VPS on the cheap
steve at bluehost.com
Fri Apr 25 15:11:10 MDT 2008
Grant Robinson wrote:
> On Apr 25, 2008, at 11:58 AM, Steven Alligood wrote:
>> Bluehost has a large number of customers that are getting exactly
>> what is advertised. Customers are never let go for using bandwidth
>> or drive space, although sometimes they have to be moved to other
>> servers to accommodate them. What customers are let go for is
>> causing problems for other customers, which often results from CPU
>> pounding or constant heavy drive I/O, and mirroring large active
>> repos does both of those.
> As an owner/admin of a hosting company since 1999, I thought I would
> chime in. I have watched the hosting space change and evolve over the
> last few years, and I have noticed an interesting trend. Many hosting
> providers are doing just what Chab said. They are over-promising. I
> have a BlueHost account that was acquired as part of a business
> transaction, and I have been less than impressed with them. Their
> customer service is poor, I have to give them a copy of my drivers
> license to get SSH access, and while their offerings are broad, they
> are nevertheless part of a canned package, and they are things that
> BlueHost has chosen to run and/or install, not necessarily what a
> client wants to run and/or install. We have always tried to
> under-promise and over-deliver. We don't oversell, but make sure that
> what we have promised lines up with our capacity. Of course, the
> result of this is we have not become fabulously wealthy, but that's
> ok. :)
> That being said, I also understand the predicament that BlueHost (and
> other mass-volume hosting providers) are in. You cannot be a
> mass-volume shared web hosting company without the types of things
> they are doing. Letting every Tom, Dick, and Harry have access to a
> shared machine that other customers are depending on greatly increases
> the risk that someone with malicious intent will get access and wreak
> havoc. Mass-volume shared hosting is all about automation, from
> installs, provisioning, backups, you name it, and it is either
> automated, or it should be. Allowing non-conforming setups can
> totally screw that up.
> With regards to this specific instance, BlueHost has covered
> themselves by making their terms of service EXTREMELY broad.

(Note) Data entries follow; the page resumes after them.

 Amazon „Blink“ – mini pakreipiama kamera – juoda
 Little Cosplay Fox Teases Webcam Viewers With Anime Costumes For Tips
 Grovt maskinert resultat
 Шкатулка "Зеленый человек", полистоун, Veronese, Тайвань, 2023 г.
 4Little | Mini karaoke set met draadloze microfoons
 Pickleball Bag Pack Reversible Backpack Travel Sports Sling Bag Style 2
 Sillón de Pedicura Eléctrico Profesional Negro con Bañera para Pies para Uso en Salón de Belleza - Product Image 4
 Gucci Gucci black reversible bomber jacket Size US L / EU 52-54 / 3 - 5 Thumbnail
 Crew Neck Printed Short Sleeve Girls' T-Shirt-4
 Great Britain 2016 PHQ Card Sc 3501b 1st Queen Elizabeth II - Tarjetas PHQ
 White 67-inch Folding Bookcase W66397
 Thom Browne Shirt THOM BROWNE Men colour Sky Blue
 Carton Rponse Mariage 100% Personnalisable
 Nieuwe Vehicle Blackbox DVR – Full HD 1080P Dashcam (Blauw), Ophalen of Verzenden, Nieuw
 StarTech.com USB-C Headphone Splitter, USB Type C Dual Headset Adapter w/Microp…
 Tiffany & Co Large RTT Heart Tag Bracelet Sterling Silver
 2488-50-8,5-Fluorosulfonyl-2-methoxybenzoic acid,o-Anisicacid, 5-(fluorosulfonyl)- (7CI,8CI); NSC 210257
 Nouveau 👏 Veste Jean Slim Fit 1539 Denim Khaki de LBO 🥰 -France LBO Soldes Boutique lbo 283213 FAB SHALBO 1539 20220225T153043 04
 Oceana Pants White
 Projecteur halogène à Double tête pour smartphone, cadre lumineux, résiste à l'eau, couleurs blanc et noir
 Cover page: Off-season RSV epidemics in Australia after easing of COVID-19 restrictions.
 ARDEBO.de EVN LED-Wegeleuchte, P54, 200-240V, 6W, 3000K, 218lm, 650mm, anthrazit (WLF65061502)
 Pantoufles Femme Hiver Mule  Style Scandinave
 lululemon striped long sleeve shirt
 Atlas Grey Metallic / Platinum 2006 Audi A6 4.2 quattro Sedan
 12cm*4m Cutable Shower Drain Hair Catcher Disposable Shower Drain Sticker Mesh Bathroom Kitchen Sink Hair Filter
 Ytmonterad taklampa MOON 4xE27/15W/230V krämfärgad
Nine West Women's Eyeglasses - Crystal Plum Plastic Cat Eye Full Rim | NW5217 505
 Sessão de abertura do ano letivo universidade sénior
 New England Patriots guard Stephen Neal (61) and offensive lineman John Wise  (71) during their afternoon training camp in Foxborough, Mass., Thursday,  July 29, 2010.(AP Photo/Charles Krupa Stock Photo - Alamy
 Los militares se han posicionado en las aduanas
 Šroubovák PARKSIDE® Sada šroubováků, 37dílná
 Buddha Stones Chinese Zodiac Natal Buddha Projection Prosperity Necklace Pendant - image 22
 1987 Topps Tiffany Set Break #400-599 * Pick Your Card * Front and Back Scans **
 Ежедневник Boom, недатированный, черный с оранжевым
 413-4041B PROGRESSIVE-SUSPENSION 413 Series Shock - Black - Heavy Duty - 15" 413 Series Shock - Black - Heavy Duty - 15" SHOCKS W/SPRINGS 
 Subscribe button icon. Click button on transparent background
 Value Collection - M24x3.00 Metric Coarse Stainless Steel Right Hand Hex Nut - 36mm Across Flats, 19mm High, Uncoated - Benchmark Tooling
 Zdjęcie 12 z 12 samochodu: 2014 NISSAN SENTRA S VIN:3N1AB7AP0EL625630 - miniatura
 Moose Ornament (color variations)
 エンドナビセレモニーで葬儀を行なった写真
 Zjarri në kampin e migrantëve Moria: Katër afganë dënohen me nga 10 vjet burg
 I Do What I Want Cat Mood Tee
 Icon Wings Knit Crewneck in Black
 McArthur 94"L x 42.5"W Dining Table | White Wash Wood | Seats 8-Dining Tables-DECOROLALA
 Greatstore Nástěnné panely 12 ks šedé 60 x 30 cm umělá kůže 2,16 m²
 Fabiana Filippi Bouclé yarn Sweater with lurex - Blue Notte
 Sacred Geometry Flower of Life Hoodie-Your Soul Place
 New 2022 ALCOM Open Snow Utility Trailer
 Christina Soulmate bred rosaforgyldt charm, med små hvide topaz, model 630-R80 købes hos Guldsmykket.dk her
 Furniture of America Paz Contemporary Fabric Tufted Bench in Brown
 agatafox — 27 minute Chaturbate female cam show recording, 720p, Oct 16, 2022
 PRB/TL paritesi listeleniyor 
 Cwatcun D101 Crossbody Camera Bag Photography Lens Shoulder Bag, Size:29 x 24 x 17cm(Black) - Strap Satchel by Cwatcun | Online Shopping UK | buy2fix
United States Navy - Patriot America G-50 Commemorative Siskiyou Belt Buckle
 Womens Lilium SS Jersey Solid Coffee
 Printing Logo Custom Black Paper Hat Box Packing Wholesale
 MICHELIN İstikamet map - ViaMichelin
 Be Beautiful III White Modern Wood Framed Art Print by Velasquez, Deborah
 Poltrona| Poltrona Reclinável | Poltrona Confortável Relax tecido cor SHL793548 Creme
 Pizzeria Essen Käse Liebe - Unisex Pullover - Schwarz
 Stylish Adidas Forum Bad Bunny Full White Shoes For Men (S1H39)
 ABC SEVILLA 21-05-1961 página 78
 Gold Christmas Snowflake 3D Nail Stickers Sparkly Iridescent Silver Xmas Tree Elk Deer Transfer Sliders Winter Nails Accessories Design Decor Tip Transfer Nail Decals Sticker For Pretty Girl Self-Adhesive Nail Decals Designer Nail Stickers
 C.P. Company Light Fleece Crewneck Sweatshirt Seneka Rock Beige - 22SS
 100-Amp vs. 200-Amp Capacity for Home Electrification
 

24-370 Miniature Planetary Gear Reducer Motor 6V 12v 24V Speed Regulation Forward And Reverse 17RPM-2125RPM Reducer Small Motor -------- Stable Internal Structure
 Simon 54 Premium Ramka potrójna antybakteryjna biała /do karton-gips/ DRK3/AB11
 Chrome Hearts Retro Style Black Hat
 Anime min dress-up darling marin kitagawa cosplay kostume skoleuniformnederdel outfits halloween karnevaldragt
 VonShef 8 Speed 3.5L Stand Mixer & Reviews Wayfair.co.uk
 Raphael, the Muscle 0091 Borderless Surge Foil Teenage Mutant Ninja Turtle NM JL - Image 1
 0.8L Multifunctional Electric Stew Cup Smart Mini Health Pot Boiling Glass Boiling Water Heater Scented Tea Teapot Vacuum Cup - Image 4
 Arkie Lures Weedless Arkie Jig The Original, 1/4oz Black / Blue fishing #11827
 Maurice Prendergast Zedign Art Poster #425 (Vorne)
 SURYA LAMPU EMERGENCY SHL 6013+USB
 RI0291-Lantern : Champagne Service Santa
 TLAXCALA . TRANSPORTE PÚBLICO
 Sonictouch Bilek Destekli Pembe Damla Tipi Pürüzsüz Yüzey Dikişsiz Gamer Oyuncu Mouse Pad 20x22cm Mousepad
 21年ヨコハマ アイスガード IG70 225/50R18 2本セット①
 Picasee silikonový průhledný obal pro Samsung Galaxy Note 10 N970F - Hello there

> Basically, they reserve the right to shut your site down for any
> reason whatsoever, even it totally screws you over. If you decided to
> run a popular news site like Slashdot or OSNews on BlueHost, it would
> do the EXACT same things that mirroring a popular linux distro would,
> or worse. It would slam the CPU, network, and most assuredly would
> affect the other people hosting on the same machine. These types of
> things could happen with any webhost, of course, but if you are
> hosting with people you know, they will usually talk things over with
> you before making a uni-lateral decision.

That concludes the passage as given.